意見書(食品の安全性確保の強化を求める意見書)
発議第5号
意見書
食品の安全性確保の強化を求める意見書
食品の安全性の確保は、適正な栄養の摂取とともに、国民の健康にとっても極めて重要な課題である。特に、近年において、従来の農薬や化学肥料による食品汚染に加え、O-157や狂牛病の発生、ダイオキシンや環境ホルモンなどによる食品・環境汚染、あるいは遺伝子組みかえ食品の登場、さらには、大手食品メーカーのずさんな製品管理による大規模な食中毒事故の発生などの問題も加わり、国民の間から、食品の安全性確保を求める声が一層強まっている。

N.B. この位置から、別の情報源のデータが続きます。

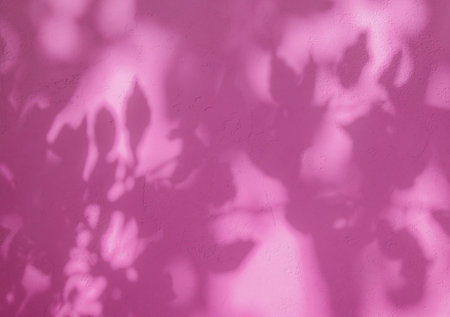 Leaf shadows on pink or fuchsia color stucco pattern wall.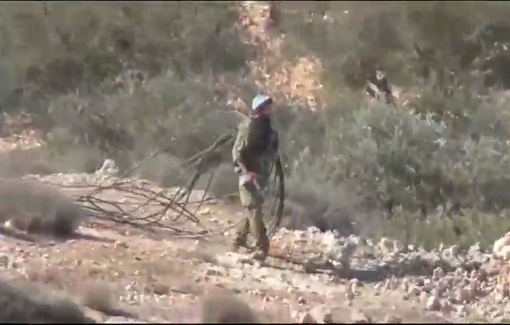Thumbnail image of a video tagged with Ariel Ohayon
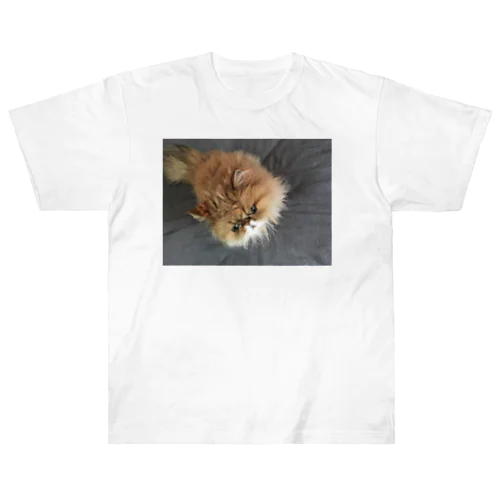 ぶちゃ猫・茶々丸 Heavyweight T-Shirt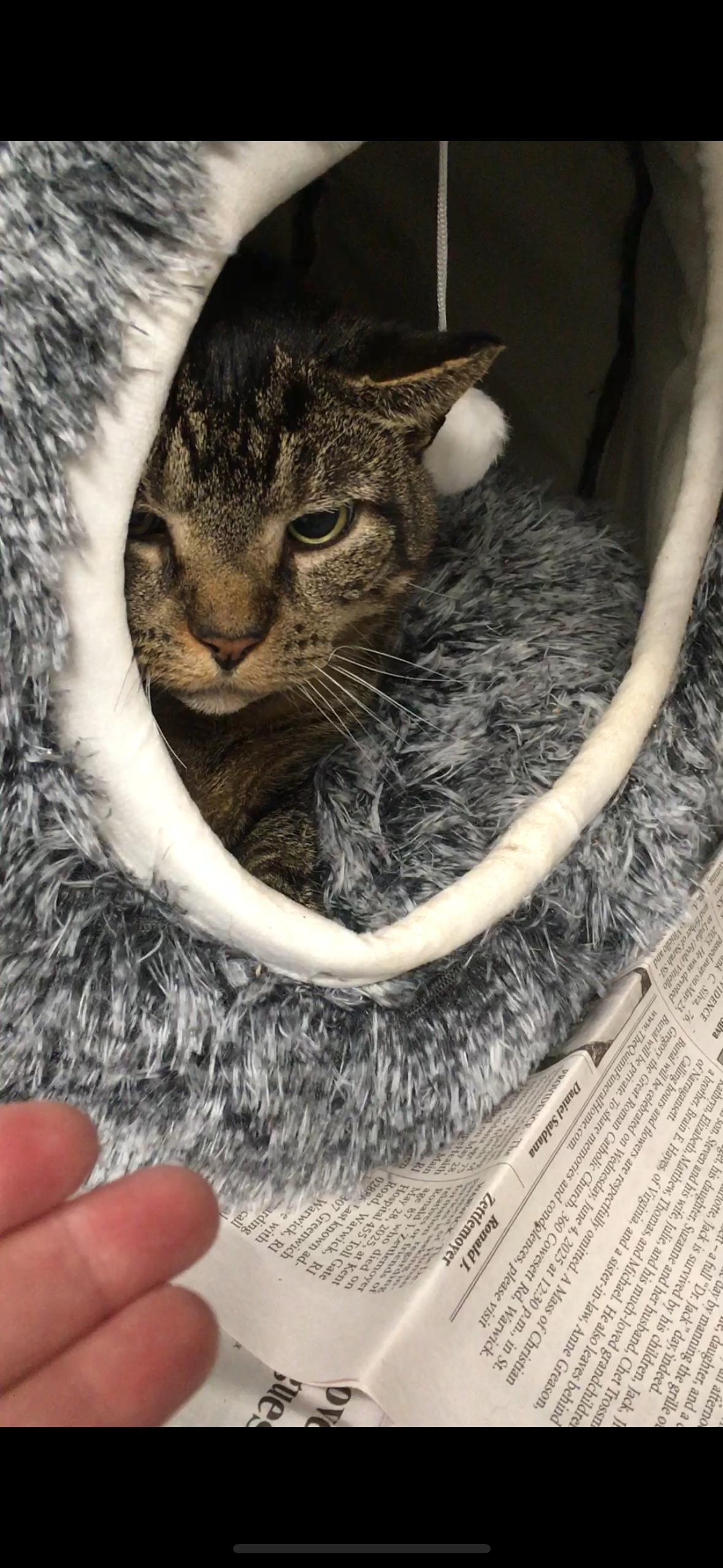 Annie/Andy, a Adoptable mixed breed in North Kingstown, RI image 4/6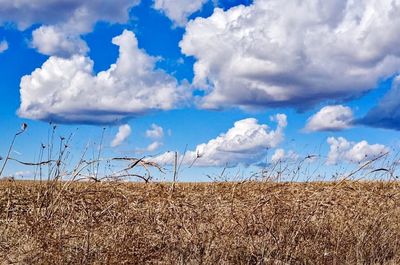 Countryside landscape against cloudy sky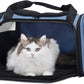 PETSFIT Pet Carrier, Dog Carrier Airline Approved, Collapsible Soft Sided TSA Approved Pet Carrier for Small and Medium Cats, Puppies Up to 12 Lbs, Cat Travel Carrier, Blue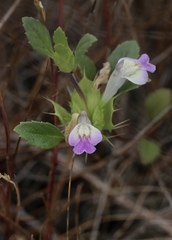 Acanthomintha duttonii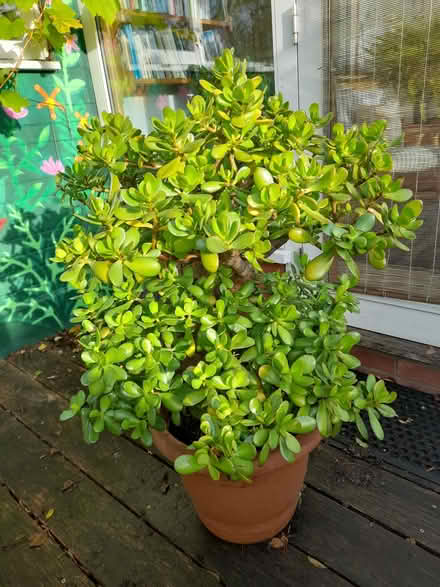 Photo of free Crassula plant (Wivenhoe CO7) #1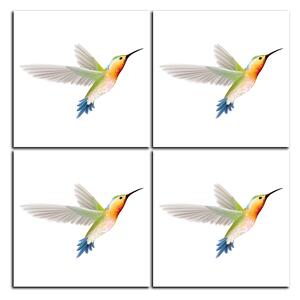 Obraz na plátně - Kolibřík na bílém pozadí - čtverec 389B (60x60 cm)
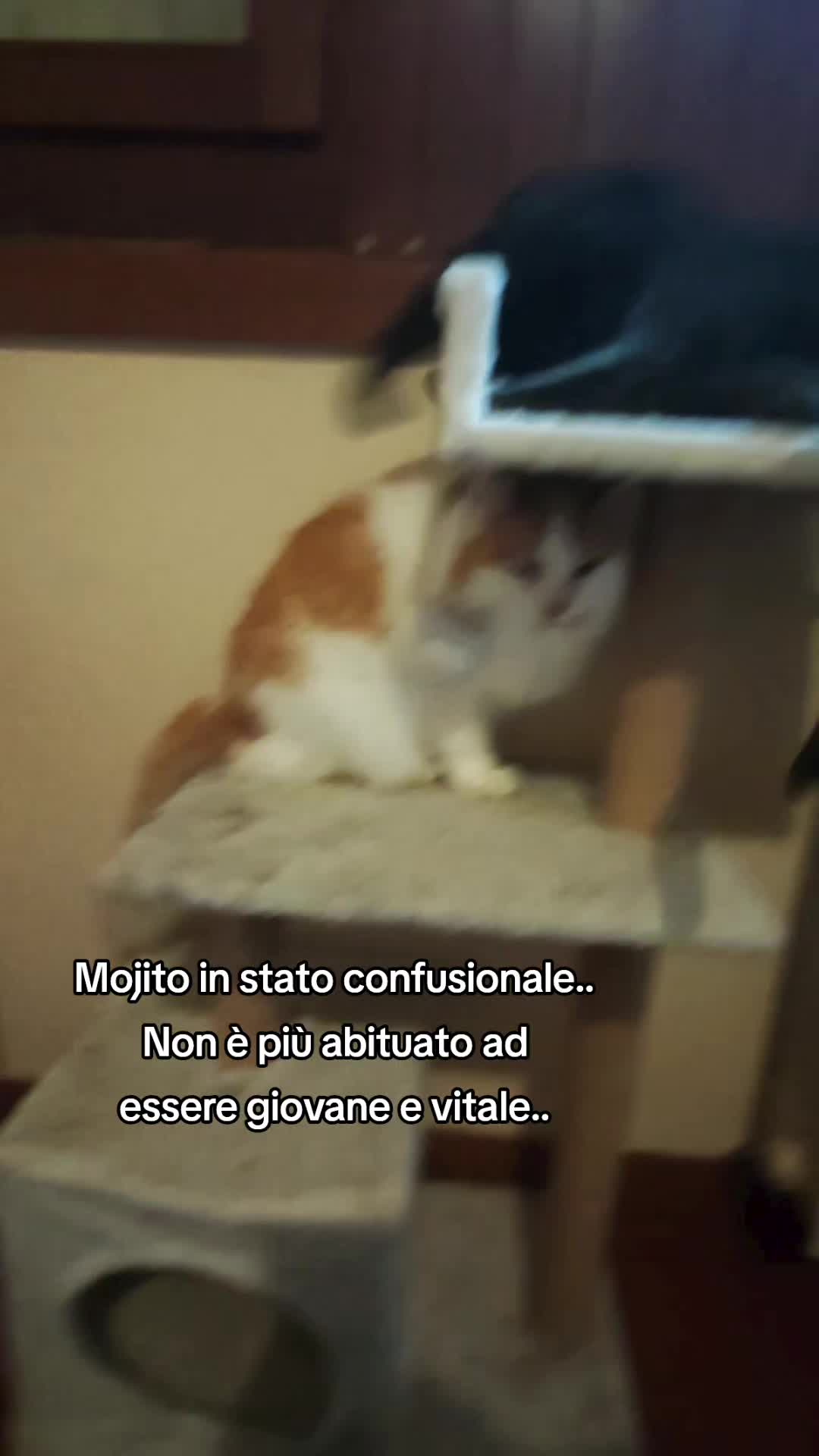 @Kiki AryaSirius Carrara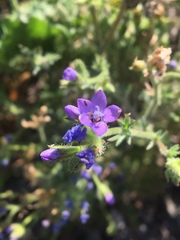 Gilia nevinii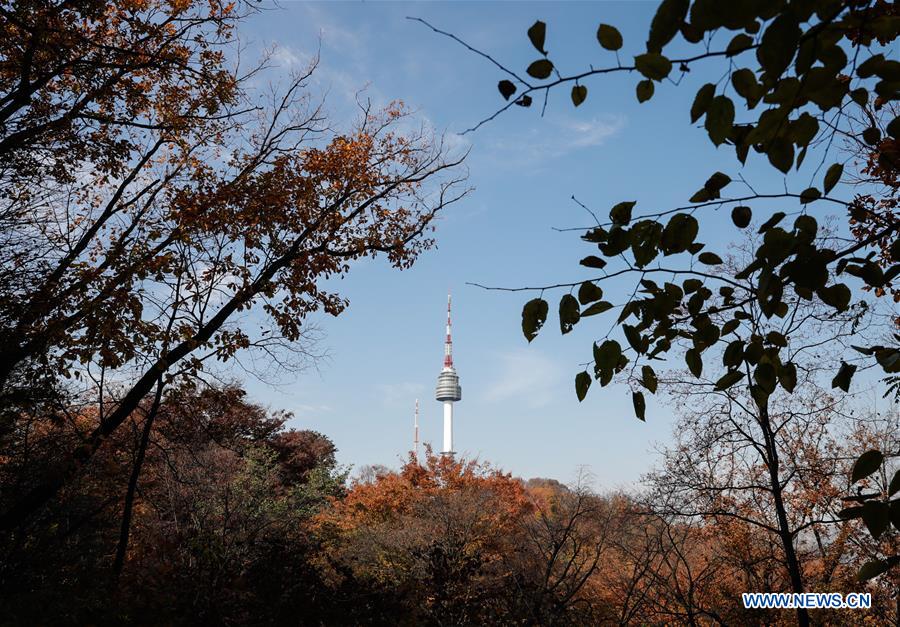 REPUBLICA DE COREA-SEUL-PAISAJE DE OTO&Ntilde;O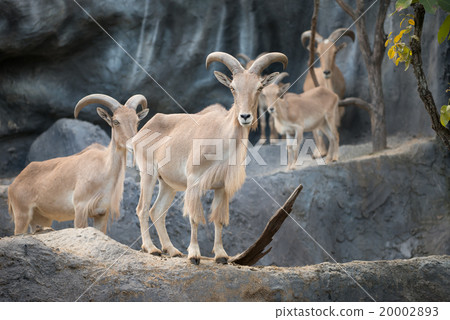 male Barbary sheep (Ammotragus lervia) 20002893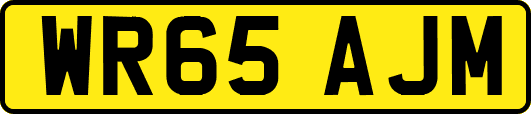 WR65AJM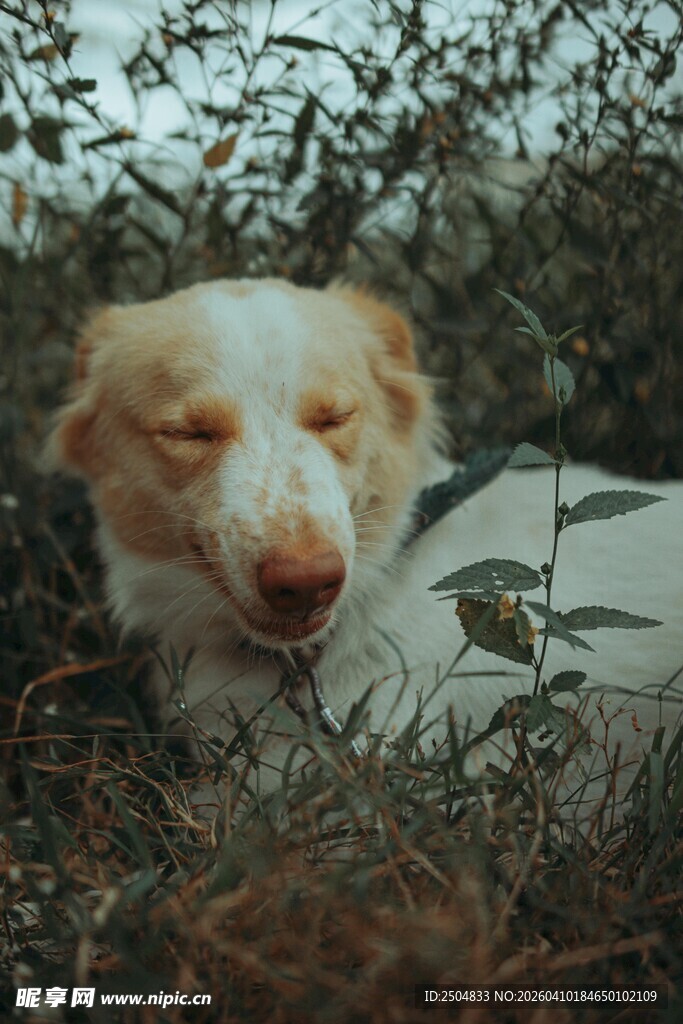 闭眼休憩的可爱狗狗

今日、遺伝子組みかえ技術等の新しい技術を活用した食品の開発も、国内外を問わず行われ、かつ、我が国においては海外からの輸入食品が急増しており、それらの食品の安全性確保が十分であるかどうかといった不安も、国民の間に広がっている。政府においては、農薬・食品添加物に対する規制や、遺伝子組みかえ食品の安全基準や表示の義務づけ、あるいは食品行政への消費者参加等、一定の施策が講じられているところではあるが、政策決定過程やそれらの根拠となる考えやデータ等の情報公開などが、まだ不十分であるとの指摘もなされている。よって、政府におかれては、食品のより一層の安全性を確保するために、以下の施策を早期に実施されるよう強く要望する。
- 食品行政に、国民の意見・要望を広く反映するために、パブリック・コメント(国民の意見申し出)制度の充実を図るとともに、食品行政への国民参加を促進すること。
- 遺伝子組みかえ食品やアレルギー物質を含む食品の表示の義務づけを拡大するとともに、遺伝子組みかえ等の技術による食品の長期にわたる安全性や、環境に与える影響を調査研究し、安全性確保対策に万全を期すこと。
- 農薬・動物用医薬品の残留基準の対象品目を拡大するとともに、食品添加物の指定制度の充実を図ること。
- 食品安全行政に関しての情報公開を一層進めるとともに、食品メーカーに対する抜き打ち調査等、チェック体制を強化すること。
- 昨年12月末に厚生省が発表した「食の安全推進アクションプラン」の着実な実施を図り、その結果を国民に公表すること。
以上、地方自治法第99条の規定により意見書を提出する。